> [Goal of the exercise]: Write every line of the material again exactly, with no pictures in the copy.

[Given data]

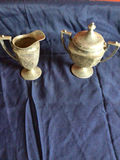 Antique Pewter Teapot, Creamer and Cup - thumbnail 1 of 4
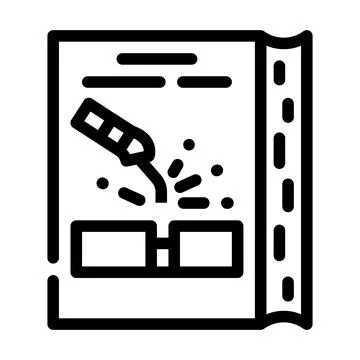 Welding tutorial line icon vector illustration line Illustrazione stock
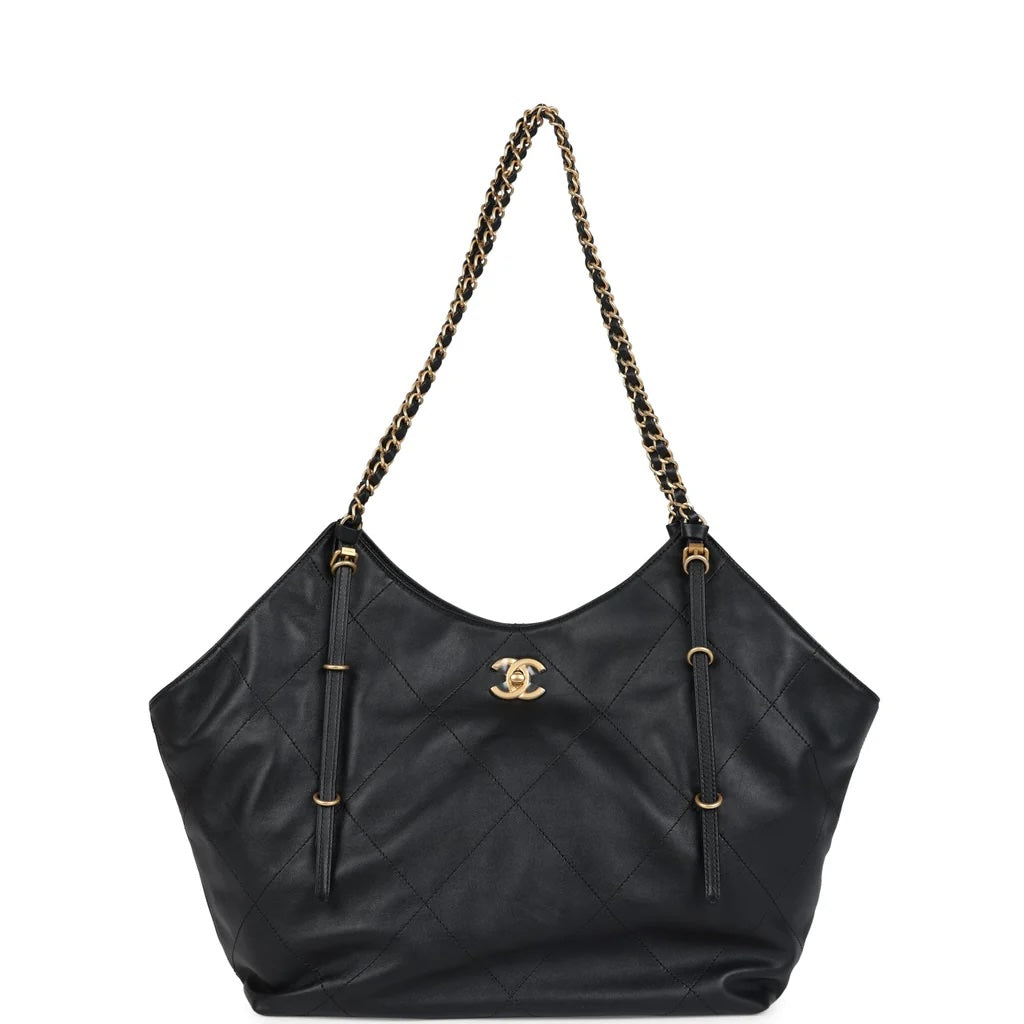 CHANEL QUILTED CALFSKIN LEATHER MAXI SHOPPING BAG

[/Given data]

> [Your solution]:
 Antique Pewter Teapot, Creamer and Cup - thumbnail 1 of 4
 Welding tutorial line icon vector illustration line Illustrazione stock
 CHANEL QUILTED CALFSKIN LEATHER MAXI SHOPPING BAG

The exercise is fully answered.